Flieg', Volvo flieg'

Die Schweden haben ja durchaus Sinn für Wortwitz, wenn es an Crashtests geht. Wir schlagen dann mal vor, den neuen Run-off-road-Test einfach mal Ufo-Test zu nennen. Warum? Schauen Sie selbst.

In Schweden waren sie auch schon einmal kreativer, als es darum ging, einen Crashtest zu taufen. Das Wprt Elchtest steht bis heute zum Beispiel für das größte anzunehmende PR-Desaster, das einem neuen Automobil widerfahren kann. Böse Münder können jetzt ja behaupten, die Schweden hätten damals diesen Test überhaupt nur erfunden, um einem schwäbischen Hersteller von Luxuslimousinen vorzuführen. Was erstens so nicht bestätigt werden kann, und zweitens von mangelnder Weitsicht der Tester zeugen würden, lässt, was ein deutscher Automobilkonzern sein will, so etwas nicht auf sitzen, und schon mal gar nicht, wenn er aus dem Schwabenland stammt. Wir sagen nur ESP. Aber das ist wieder eine andere Geschichte.

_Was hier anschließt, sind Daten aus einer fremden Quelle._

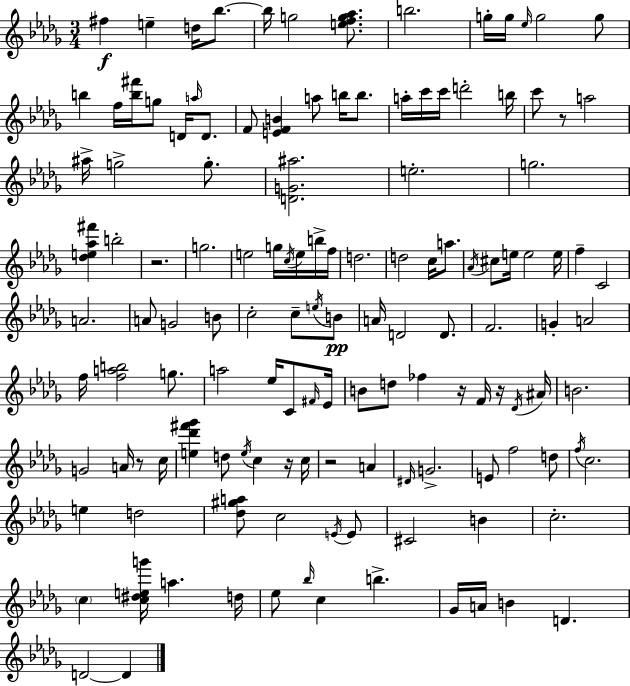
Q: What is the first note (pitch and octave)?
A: F#5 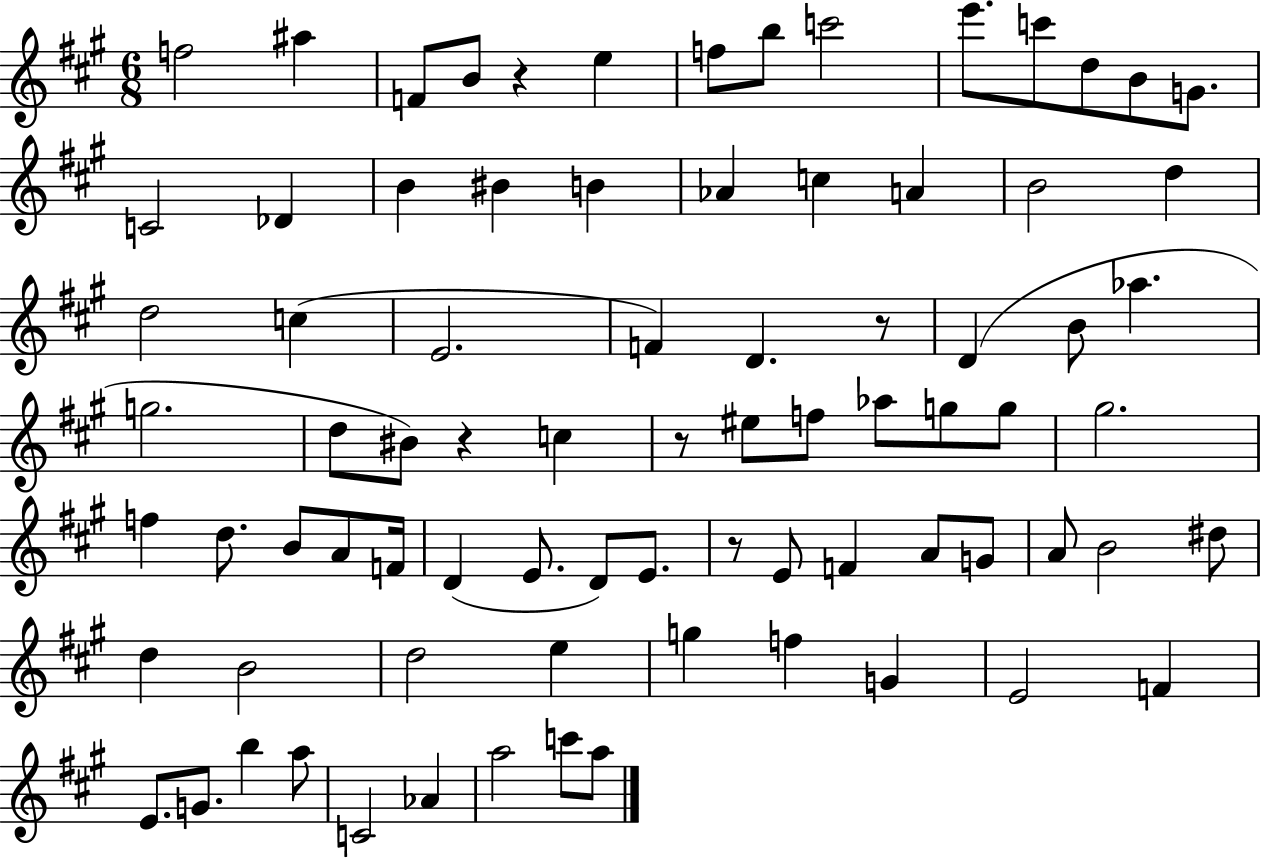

Hier soll es um einen Graben gehen. Solch einen Graben, der in der Lage ist, ein mehr als zwei Tonne schweres Fahrzeug in die Luft zu katapultieren. Den hat Volvo nämlich dazu benutzt, um seinen Run-off-Road-Crash-Test in die Tat umzusetzen. Der geht wie folgt: Ein Auto kommt mit achtzig Sachen von der Straße ab, taucht durch einen Graben, hebt dann ab, um in einer nachfolgenden Böschung aufzuschlagen. Ausgeführt wurde der Test vor Publikum mit einem neuen XC90 T6. Am Steuer saß Thor, ein Dummy mit der Statur eines durchschnittlichen Mannes, der Beifahrer names H3 50% war von gleicher Statur, und auf dem rechten Hintersitz nahm Q1.5 in einem Kindersitz für Eineinhalbjährige Platz.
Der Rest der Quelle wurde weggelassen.